Sarbanes-Oxley Yet Again

The threat of an adverse opinion on a public company’s internal controls was not an idle one. According to Compliance Week, nearly 10% of the 10-K (annual report to the SEC) filings in January included an adverse opinion because of material weaknesses in their internal controls. There may be more coming, since companies with a December year-end have until March 16 to file.
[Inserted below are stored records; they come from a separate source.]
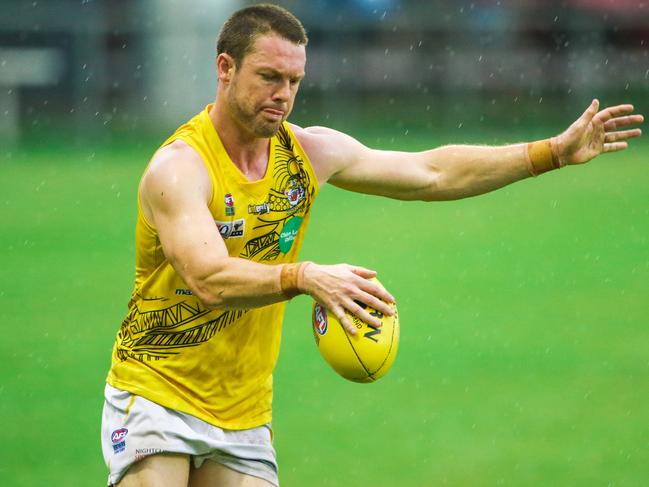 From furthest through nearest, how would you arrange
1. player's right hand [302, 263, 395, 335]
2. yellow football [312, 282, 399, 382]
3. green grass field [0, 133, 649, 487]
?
green grass field [0, 133, 649, 487]
yellow football [312, 282, 399, 382]
player's right hand [302, 263, 395, 335]

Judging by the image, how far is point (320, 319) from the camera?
5168mm

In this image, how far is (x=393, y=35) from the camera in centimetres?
2716

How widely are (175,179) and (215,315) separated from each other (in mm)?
673

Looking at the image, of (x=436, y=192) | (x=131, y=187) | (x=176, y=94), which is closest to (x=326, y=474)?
(x=436, y=192)

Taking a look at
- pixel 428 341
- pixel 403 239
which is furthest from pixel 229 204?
pixel 403 239

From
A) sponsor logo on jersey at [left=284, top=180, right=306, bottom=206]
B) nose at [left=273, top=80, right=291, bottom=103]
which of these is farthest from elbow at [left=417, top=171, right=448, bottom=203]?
nose at [left=273, top=80, right=291, bottom=103]

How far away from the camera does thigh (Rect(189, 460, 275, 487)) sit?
547 centimetres

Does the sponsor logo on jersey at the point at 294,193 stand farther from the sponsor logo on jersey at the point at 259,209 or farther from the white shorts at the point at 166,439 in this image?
the white shorts at the point at 166,439

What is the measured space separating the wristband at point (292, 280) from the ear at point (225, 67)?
3.66 ft

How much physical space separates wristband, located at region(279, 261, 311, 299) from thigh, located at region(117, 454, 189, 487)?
103cm

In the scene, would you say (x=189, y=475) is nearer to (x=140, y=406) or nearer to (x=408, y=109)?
(x=140, y=406)

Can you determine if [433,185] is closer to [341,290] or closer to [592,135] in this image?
[592,135]

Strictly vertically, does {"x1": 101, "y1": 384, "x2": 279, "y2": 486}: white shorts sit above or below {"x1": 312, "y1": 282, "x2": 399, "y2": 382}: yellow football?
below

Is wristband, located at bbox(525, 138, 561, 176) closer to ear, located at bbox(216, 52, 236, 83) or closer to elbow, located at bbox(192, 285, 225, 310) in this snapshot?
ear, located at bbox(216, 52, 236, 83) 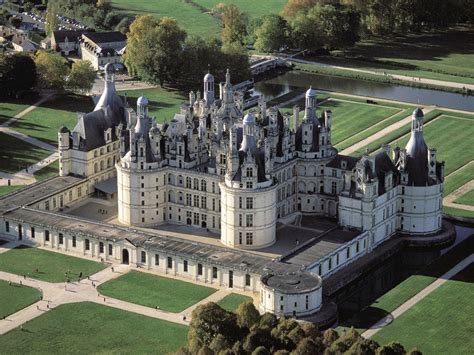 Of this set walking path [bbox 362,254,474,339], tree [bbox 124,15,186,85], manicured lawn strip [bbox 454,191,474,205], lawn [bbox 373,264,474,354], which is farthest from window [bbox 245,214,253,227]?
tree [bbox 124,15,186,85]

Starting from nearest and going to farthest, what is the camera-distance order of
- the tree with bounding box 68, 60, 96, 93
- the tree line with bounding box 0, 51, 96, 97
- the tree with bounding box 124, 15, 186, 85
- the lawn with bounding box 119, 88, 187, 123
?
the lawn with bounding box 119, 88, 187, 123 → the tree line with bounding box 0, 51, 96, 97 → the tree with bounding box 68, 60, 96, 93 → the tree with bounding box 124, 15, 186, 85

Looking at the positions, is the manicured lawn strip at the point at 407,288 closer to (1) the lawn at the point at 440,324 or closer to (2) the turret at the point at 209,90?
(1) the lawn at the point at 440,324

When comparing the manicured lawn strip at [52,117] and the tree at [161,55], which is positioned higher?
the tree at [161,55]

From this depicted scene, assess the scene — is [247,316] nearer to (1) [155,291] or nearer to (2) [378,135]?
(1) [155,291]

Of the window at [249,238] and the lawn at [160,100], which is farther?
the lawn at [160,100]

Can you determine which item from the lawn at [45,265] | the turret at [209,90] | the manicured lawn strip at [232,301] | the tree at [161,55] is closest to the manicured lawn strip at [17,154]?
the lawn at [45,265]

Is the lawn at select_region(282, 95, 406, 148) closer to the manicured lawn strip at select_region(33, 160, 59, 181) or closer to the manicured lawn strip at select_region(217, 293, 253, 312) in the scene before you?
the manicured lawn strip at select_region(33, 160, 59, 181) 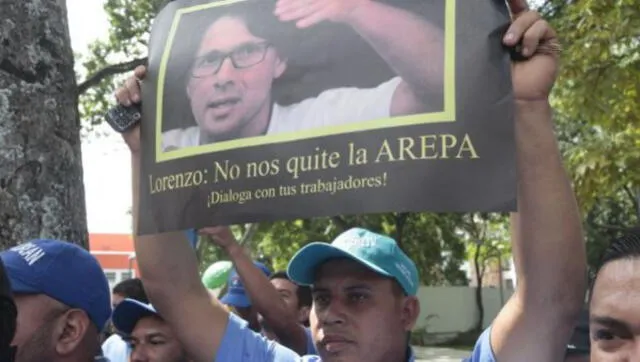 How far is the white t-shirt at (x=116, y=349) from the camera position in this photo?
14.7ft

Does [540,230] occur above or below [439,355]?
above

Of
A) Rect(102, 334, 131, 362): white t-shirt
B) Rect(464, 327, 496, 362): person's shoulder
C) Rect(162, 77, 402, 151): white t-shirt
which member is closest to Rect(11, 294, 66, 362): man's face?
Rect(162, 77, 402, 151): white t-shirt

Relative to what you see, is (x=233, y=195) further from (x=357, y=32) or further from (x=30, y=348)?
(x=30, y=348)

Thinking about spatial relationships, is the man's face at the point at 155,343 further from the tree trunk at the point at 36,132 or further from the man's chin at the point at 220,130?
the man's chin at the point at 220,130

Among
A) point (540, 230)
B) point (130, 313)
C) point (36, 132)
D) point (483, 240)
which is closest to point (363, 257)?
point (540, 230)

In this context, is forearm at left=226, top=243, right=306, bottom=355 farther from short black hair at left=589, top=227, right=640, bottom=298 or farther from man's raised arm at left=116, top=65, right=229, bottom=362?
short black hair at left=589, top=227, right=640, bottom=298

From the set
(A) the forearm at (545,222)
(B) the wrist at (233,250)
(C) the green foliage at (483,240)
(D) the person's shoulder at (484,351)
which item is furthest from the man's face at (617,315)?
(C) the green foliage at (483,240)

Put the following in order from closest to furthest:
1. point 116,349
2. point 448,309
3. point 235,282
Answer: point 116,349, point 235,282, point 448,309

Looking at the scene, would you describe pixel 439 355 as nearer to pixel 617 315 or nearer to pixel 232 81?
pixel 232 81

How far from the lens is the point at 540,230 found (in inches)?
91.7

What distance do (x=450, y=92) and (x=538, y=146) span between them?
0.95ft

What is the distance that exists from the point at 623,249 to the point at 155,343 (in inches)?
80.8

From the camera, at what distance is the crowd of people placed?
2139 mm

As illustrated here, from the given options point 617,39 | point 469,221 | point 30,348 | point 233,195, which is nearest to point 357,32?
point 233,195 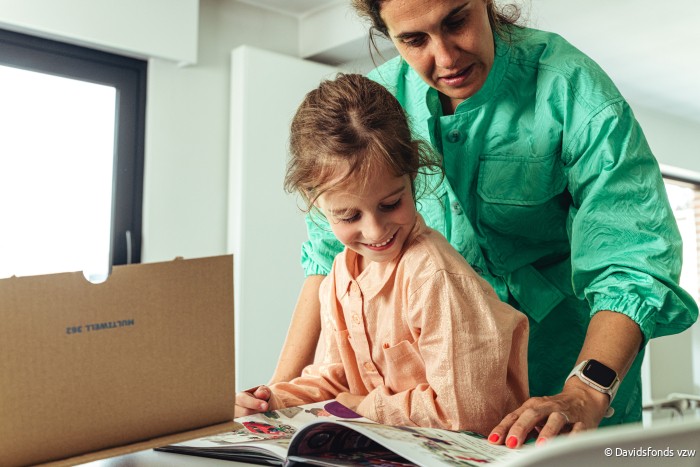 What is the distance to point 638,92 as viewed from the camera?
5.22 metres

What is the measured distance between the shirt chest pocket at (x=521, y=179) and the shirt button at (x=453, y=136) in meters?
0.05

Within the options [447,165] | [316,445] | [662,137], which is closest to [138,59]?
[447,165]

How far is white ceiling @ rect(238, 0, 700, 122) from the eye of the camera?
12.6ft

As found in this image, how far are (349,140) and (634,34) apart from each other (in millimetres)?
3623

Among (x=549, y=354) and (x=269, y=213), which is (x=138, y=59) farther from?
(x=549, y=354)

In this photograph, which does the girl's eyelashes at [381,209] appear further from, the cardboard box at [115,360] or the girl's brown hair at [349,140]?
the cardboard box at [115,360]

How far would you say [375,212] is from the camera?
107 cm

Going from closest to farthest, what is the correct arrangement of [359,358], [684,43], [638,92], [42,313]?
[42,313] → [359,358] → [684,43] → [638,92]

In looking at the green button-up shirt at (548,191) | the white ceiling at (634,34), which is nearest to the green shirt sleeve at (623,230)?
the green button-up shirt at (548,191)

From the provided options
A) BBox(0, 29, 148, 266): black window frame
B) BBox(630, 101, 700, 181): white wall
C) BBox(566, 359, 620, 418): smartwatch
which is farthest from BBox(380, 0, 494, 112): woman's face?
BBox(630, 101, 700, 181): white wall

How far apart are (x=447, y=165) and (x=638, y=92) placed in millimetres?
4495

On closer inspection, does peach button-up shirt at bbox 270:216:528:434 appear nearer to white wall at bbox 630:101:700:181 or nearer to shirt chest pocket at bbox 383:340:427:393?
shirt chest pocket at bbox 383:340:427:393

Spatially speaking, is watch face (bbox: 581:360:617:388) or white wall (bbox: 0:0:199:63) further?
white wall (bbox: 0:0:199:63)

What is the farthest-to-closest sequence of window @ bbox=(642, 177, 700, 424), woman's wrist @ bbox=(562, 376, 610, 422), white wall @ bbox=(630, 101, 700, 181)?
white wall @ bbox=(630, 101, 700, 181)
window @ bbox=(642, 177, 700, 424)
woman's wrist @ bbox=(562, 376, 610, 422) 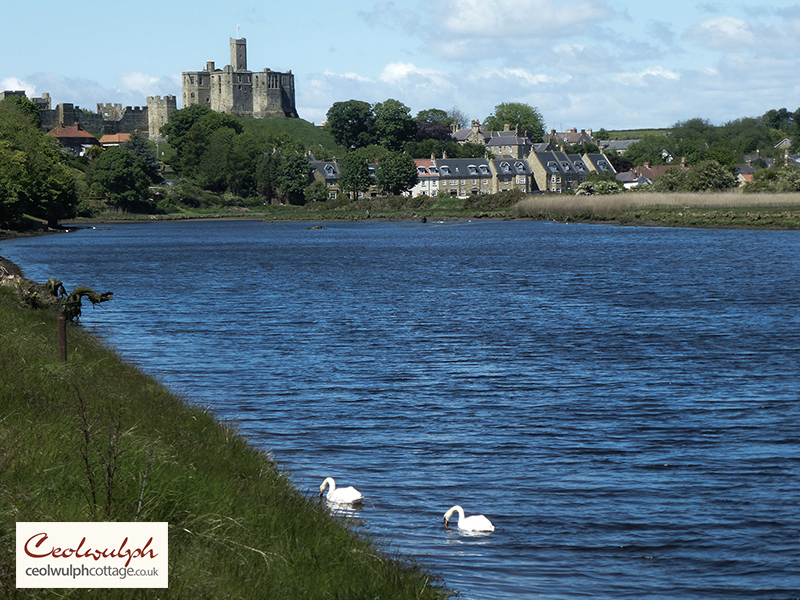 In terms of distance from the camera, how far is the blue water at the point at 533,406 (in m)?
10.4

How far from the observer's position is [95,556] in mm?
5203

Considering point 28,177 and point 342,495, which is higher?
point 28,177

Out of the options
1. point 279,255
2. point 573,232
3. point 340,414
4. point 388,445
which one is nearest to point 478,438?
point 388,445

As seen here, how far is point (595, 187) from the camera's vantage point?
117 m

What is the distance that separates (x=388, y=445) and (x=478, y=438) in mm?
1446

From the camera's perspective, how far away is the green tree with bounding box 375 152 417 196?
6018 inches

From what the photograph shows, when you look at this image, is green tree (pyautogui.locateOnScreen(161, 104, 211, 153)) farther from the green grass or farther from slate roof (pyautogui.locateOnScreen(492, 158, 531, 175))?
slate roof (pyautogui.locateOnScreen(492, 158, 531, 175))

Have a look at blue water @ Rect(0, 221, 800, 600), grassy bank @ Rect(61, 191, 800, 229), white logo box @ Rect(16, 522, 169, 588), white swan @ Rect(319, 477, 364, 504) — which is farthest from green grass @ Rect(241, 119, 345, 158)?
white logo box @ Rect(16, 522, 169, 588)

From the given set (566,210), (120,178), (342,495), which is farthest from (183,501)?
(120,178)

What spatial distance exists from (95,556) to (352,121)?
190 metres

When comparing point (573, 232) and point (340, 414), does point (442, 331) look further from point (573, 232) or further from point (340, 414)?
point (573, 232)

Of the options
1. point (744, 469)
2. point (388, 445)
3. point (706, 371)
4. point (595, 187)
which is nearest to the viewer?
point (744, 469)

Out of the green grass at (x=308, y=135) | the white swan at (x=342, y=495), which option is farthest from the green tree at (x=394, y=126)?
the white swan at (x=342, y=495)

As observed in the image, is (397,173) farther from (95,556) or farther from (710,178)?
(95,556) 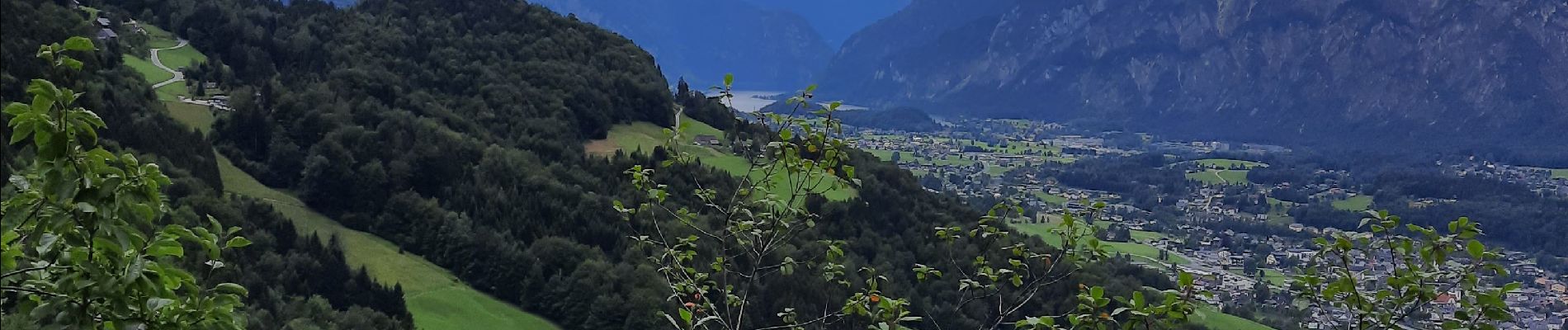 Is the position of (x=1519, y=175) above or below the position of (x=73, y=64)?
below

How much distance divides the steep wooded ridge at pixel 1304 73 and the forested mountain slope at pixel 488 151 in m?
116

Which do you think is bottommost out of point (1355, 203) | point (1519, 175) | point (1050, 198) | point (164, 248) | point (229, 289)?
point (1050, 198)

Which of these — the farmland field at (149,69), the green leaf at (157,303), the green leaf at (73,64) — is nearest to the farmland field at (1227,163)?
the farmland field at (149,69)

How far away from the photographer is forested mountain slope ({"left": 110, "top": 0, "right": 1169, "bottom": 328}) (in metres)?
26.0

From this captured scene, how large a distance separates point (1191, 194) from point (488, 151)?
242 feet

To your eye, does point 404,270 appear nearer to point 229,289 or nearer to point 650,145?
point 650,145

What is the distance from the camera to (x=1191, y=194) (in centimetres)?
9288

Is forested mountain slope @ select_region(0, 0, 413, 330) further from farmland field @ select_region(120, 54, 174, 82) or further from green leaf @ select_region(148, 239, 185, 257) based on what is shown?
green leaf @ select_region(148, 239, 185, 257)

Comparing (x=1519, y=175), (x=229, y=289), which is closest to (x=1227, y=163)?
(x=1519, y=175)

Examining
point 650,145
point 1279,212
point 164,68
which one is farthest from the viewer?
point 1279,212

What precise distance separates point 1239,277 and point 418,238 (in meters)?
37.5

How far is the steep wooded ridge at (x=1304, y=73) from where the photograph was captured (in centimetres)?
13912

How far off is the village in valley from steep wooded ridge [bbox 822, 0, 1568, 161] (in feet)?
62.1

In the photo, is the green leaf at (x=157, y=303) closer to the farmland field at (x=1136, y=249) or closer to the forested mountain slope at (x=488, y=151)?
the forested mountain slope at (x=488, y=151) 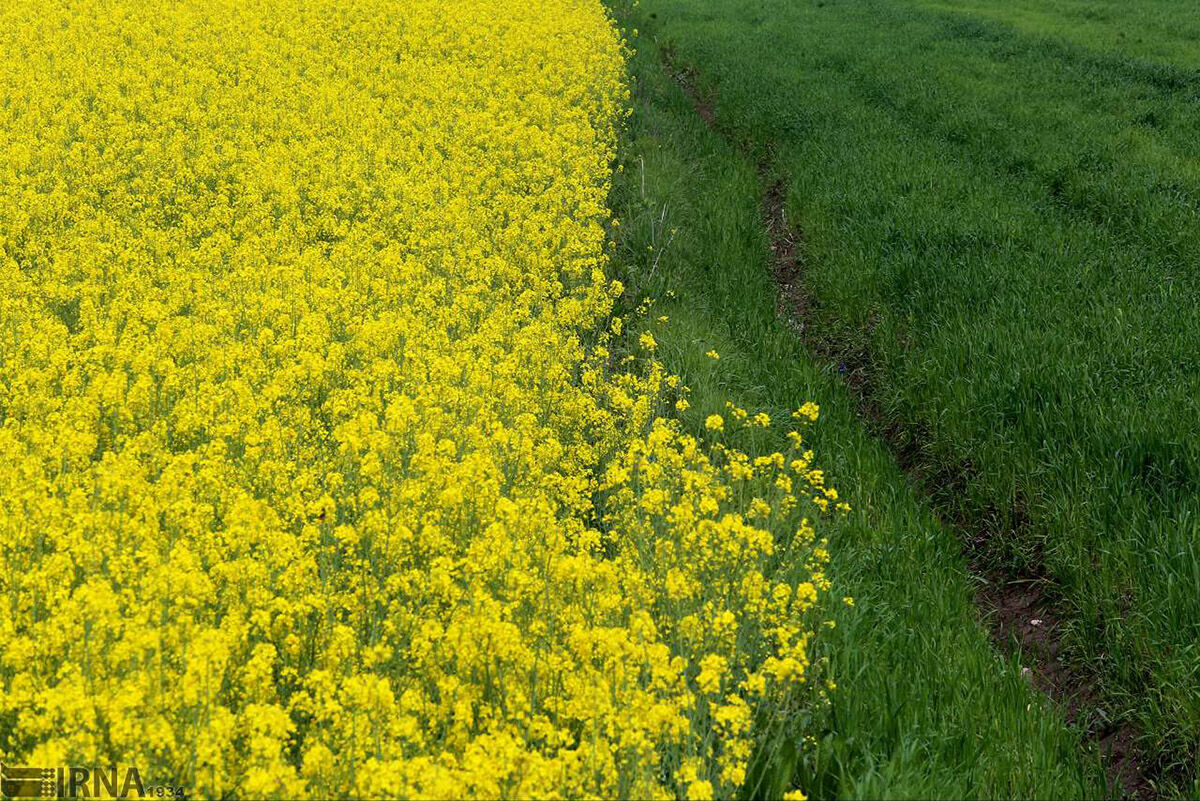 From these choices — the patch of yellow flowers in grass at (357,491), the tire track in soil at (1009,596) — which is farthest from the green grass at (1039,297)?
the patch of yellow flowers in grass at (357,491)

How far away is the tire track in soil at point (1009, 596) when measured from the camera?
402cm

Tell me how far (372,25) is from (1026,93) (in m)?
10.7

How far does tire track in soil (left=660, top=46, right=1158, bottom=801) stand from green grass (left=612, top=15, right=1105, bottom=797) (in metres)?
0.16

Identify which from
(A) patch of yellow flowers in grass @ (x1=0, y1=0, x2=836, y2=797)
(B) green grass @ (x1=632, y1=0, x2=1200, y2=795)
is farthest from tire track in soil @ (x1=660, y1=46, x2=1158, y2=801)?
(A) patch of yellow flowers in grass @ (x1=0, y1=0, x2=836, y2=797)

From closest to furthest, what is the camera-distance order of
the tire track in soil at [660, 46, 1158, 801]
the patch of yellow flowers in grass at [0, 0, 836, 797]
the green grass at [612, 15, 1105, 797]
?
the patch of yellow flowers in grass at [0, 0, 836, 797], the green grass at [612, 15, 1105, 797], the tire track in soil at [660, 46, 1158, 801]

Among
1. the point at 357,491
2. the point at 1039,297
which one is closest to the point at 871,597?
the point at 357,491

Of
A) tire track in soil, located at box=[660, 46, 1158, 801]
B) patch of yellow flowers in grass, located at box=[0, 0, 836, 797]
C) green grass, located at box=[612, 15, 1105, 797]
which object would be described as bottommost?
tire track in soil, located at box=[660, 46, 1158, 801]

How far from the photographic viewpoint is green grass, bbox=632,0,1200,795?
177 inches

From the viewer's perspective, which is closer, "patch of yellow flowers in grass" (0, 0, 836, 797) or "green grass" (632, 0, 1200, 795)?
"patch of yellow flowers in grass" (0, 0, 836, 797)

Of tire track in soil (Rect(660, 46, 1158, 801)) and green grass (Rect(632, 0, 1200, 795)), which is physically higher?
green grass (Rect(632, 0, 1200, 795))

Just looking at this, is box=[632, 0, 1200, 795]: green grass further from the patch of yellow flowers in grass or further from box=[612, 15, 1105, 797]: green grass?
the patch of yellow flowers in grass

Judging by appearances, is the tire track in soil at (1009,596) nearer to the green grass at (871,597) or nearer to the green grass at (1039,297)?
the green grass at (1039,297)

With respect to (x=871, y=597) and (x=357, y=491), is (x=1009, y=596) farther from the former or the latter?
(x=357, y=491)

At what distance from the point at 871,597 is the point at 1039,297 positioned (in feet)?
12.4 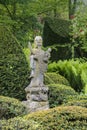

I noticed a pattern to the adverse opinions: they are nearly coterminous with companies having restated their earnings for earlier quarters. This begins to make sense: if a company’s internal controls were well-designed and operating as intended, no restatement would have been necessary. Earnings restatements and accounting problems are often punished more severely than earnings or performance disappointments, and are easy targets for class-action lawsuits. When more data is available, it will be an interesting exercise to separate the effect on share prices of the adverse opinion from that of the restatement. Maybe someone with better math skills will attempt it.

Here is a partial list of companies that have had an adverse Sarbanes-Oxley opinion, but a clean opinion on their financial statements, from their auditors:

BearingPoint Inc. (ticker: BE; formerly KPMG Consulting)
Auditor: PricewaterhouseCoopers
Material weakness: Revenue recognition (preliminary only; filing due March 16,2005)

Calpine Corporation (ticker: CPN)
Material weakness: Provision for income taxes.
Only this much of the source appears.